Kiep says in his letter that he is uncertain he can trace the origin of the money he found during a review of his account, because some records regarding party finances from the early 1990s have disappeared.

However, the daily Die Welt reported that witnesses who testified before the parliamentary committee last year said that Kiep and another former party official, Uwe Luethje, had closed out a Liechtenstein-based bank account in 1992 and divided up the money. The account belonging to the Norfolk Foundation, an entity based in Liechtenstein that even some CDU officials believe was set up to launder money, shielded unreported donations from the Siemens electronics giant, several newspapers reported. Siemens has denied the allegations.

The new CDU leaders, who only last month managed to pull off an election victory in Baden-Wuerttemberg state--thus seemingly emerging from the scandal that has cost them control of other areas--have demanded that Kiep and his contemporaries clear up the uncertainties surrounding the latest chapter of the donations drama. But none have conceded that the money might have been ill gotten, and speculation has been rife in the media that Kiep made the transfer to trip up CDU leader Angela Merkel’s plan to get compensation from those implicated in the scandal for the fines and punishment levied against the party.

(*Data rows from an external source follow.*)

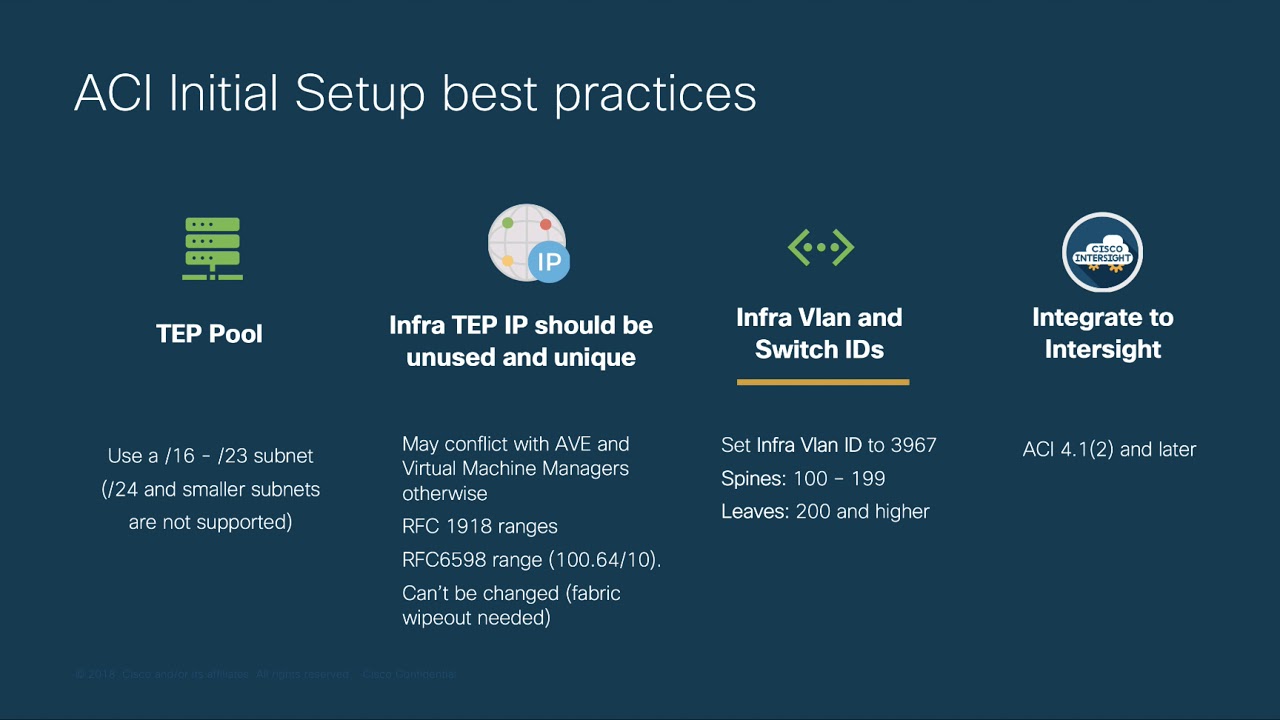 Module 1 - Episode 7: Best Practices - ACI Initial Setup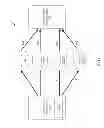 Fig. 09 - Congestion mitigation and avoidance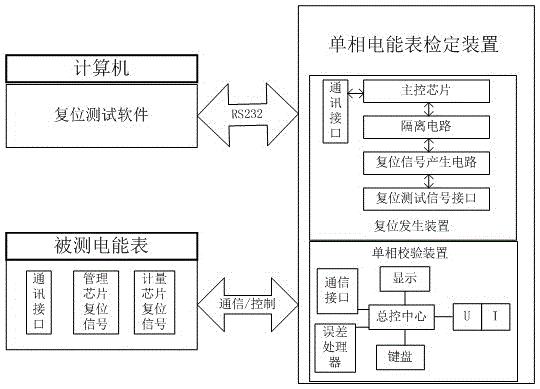 单相电能表检定装置及单相电能表复位可信性测试平台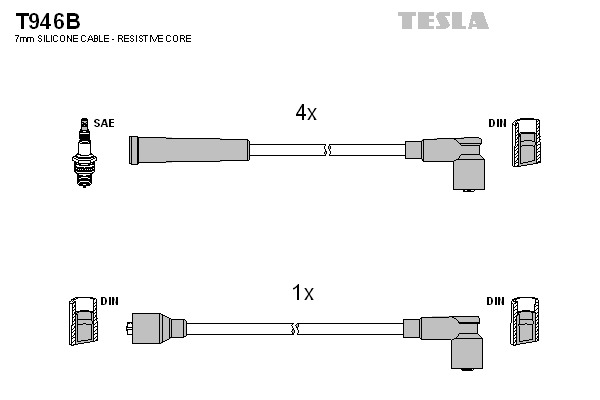 TESLA Gyújtókábel készlet T946B_TES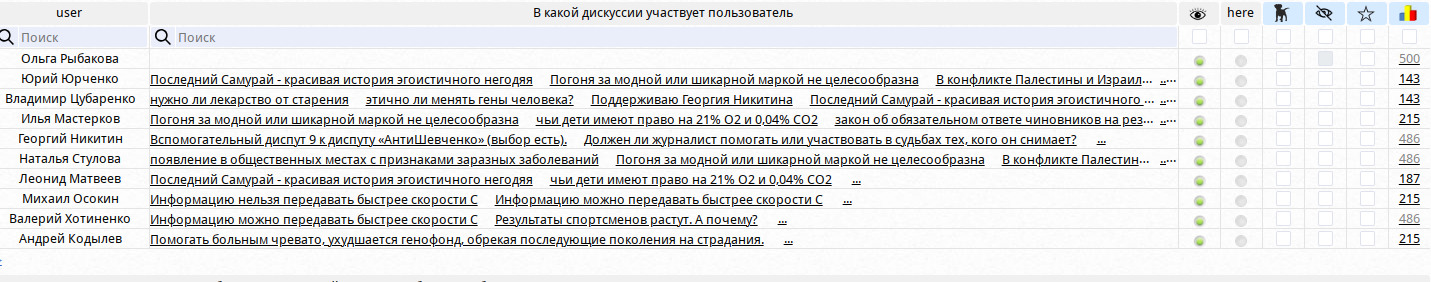 Отмена фильтра скрытия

“The party leadership should have recognized that Kiep’s letter of March 21 represented a time bomb,” the conservative Frankfurter Allgemeine Zeitung newspaper observed in an editorial.

Speaking for average Germans who also thought the funding scandal was behind them, the mass-circulation Bild newspaper screamed in its lead headline: “Don’t Think We’re So Stupid, Mr. Kiep! How Does One Simply Overlook a Million Marks in His Bank Account?”